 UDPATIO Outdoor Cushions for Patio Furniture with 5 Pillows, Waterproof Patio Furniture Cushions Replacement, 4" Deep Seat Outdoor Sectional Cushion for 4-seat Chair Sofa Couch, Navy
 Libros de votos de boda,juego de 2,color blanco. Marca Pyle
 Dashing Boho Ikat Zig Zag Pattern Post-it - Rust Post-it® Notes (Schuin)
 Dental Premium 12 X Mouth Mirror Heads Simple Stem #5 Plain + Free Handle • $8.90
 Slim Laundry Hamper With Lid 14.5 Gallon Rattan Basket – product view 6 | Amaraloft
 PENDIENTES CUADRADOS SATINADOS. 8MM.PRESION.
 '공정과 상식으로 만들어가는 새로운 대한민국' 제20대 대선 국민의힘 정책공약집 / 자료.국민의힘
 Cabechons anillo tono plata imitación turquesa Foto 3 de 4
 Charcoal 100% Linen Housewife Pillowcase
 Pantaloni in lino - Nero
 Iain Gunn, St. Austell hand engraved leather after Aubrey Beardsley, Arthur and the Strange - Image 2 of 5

..............................

EXERCISE BRIEF: Could you set down exactly the lines from the one containing "정책공약집 / 자료.국민의힘" through the last line of the records above, both included?

EXPECTED ANSWER:
 '공정과 상식으로 만들어가는 새로운 대한민국' 제20대 대선 국민의힘 정책공약집 / 자료.국민의힘
 Cabechons anillo tono plata imitación turquesa Foto 3 de 4
 Charcoal 100% Linen Housewife Pillowcase
 Pantaloni in lino - Nero
 Iain Gunn, St. Austell hand engraved leather after Aubrey Beardsley, Arthur and the Strange - Image 2 of 5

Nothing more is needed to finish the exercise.